Broadway bets two can draw a crowd

Three new plays explore disparate lives pushed together by music, strife, time, and friendship.

Broadway's final entries for the 2007 season all feature unlikely twosomes in unique relationships. "Deuce," "Lovemusik," and "110 in the Shade" spotlight pairs of people who are thrown together and share adventure, love, conflict, and the ravages of time.

Ending her 28-year hiatus from the Great White Way, the legendary Angela Lansbury comes home to the stage, to join another estimable theatre icon, Marian Seldes, in "Deuce." Playing retired women's doubles-team tennis pros, these stalwart ladies chew over past victories and defeats, while speculating on the state of today's sporting world for female athletes.

The entire endeavor unfolds as the pair witnesses a championship tennis match, where the women will be honored for their unbeaten record of accomplishments. In an age when mediocre performance on the court but striking good looks in magazine ads is a formula for success, this duo spars over the changes their former domain has undergone.

While plays built on two-person dialogues can reveal deep secrets and troubling conflicts (see "Doubt"), Terrence McNally's slight scenario offers these veterans little to work with, and their verbal volleys barely manage to reveal the basics of how they truly feel about life's Big Questions. Still, Seldes and Lansbury valiantly keep the ball aloft, using stagecraft that has earned them places in the Broadway Hall of Fame.

When German composer Kurt Weill first meets aspiring singer Lotte Lenya in "Lovemusik," she's cleaning hotel rooms for a living, and sometimes spending the night in them with various men. He's a reclusive introvert brimming with creative talent, aching to break free from the confines of his structured persona.

In yet another example of actors triumphing over underdeveloped material, Michael Cerveris and Donna Murphy ignite this passionate affair with real vitality, clinging to the enigmatic qualities Weill's music always sparked.

When Weill finally convinces the über-bohemian Berthold Brecht to allow his poetry to be set to Weill's music, the results catapult the team to the top of 1930s Berlin cafe society. But Lenya's free-spirit approach to her singing career, and their romance, bring up many unanswered questions about how and why they kept coming together and breaking apart.

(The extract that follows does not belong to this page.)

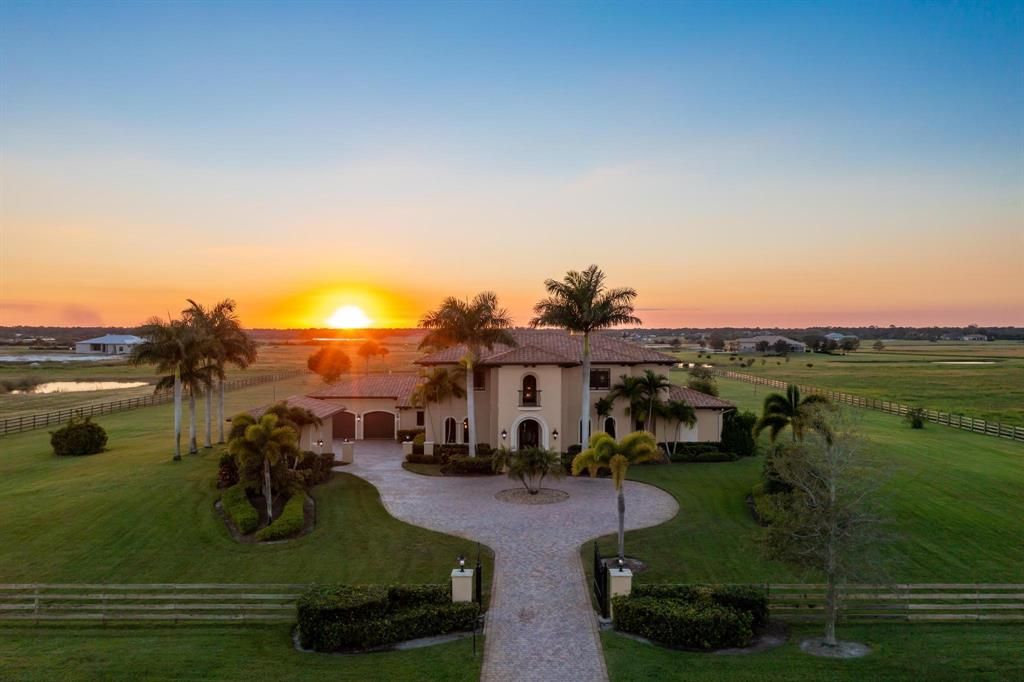 Photo of 3150 SW Stoneybrook Way Way, Palm City, FL 34990 (MLS # R10762446)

These creative real-life giants jostled their way through a tumultuous relationship that took them from Nazi Germany to talent-hungry America – where Weill conquered Broadway and eventually Hollywood – but Lenya's career suffered from erratic fits and starts. Alfred Uhry's by-the-numbers script, and Hal Prince's rote staging seem content to leave the reasons behind their colorful story a mystery.

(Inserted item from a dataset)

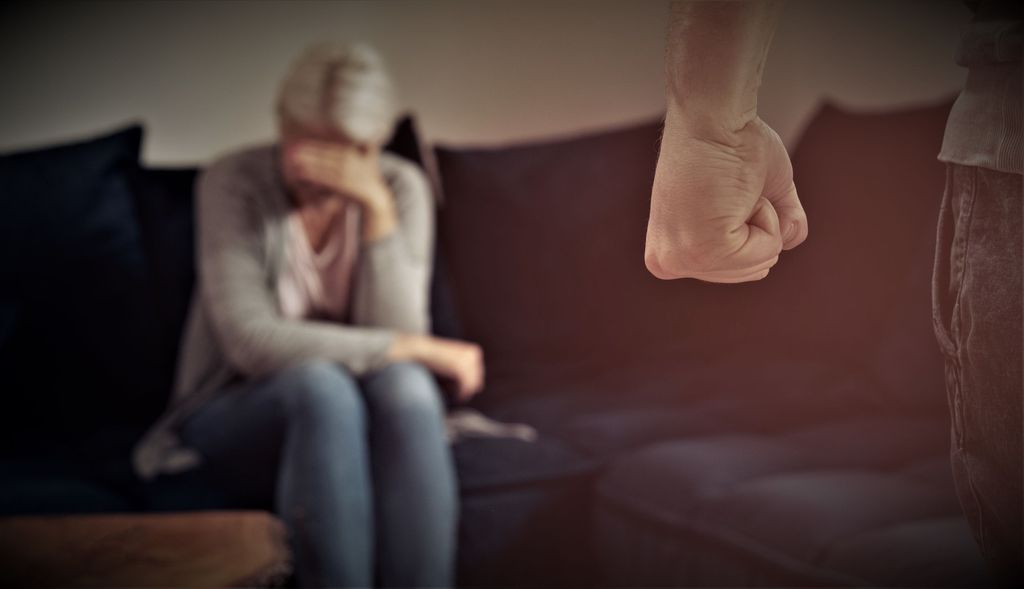Pariskunta peitteli toistuvaa väkivaltaa – naisen mustelmat selitettiin rajulla seksillä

Lizzie, the lead character of "110 in the Shade," is a plain spinster, while Starbuck is a lustful traveling con man. When he blows into the county, promising to bring a deluge to the parched territory, it's not rain she smells, but trouble.

Based on Richard N. Nash's play, this musical revival swells with the homespun charm for which their lyricist/composer team (Tom Jones and Harvey Schmidt of "The Fantasticks") have become noted. And the material will always create an opening for the most prominent creative force behind any production.

A City Center revival in the 1990s mounted by Susan Stroman was noteworthy for its choreography. In this Roundabout Theatre revival, that creative force is Audra McDonald, who makes Lizzie personable and sympathetic, not cloying or pitiable. McDonald, after four Tony Awards, is still at the top of both 'games' she is playing here – singer and actress.

Veteran low-key musical-theater star John Cullum keeps the subject of her single status on a steady simmer, giving the story somewhere to go when the unthinkable happens – two men show fierce interest in Lizzie, at the same time. Her masked emotions, revealed in glorious complexity in "Love, Don't Turn Away," "Old Maid," and "Simple Little Things," show us a Lizzie who knows what she wants and is willing to wait for it. When she does choose between the flashy gypsy con man and the staid, reclusive county sheriff, her choice is not surprising. What does surprise is the depth of emotions McDonald instills in this potentially two-dimensional character, and as the final, long-awaited cloudburst floods the stage, the outer layers that have cloaked her true self are washed away.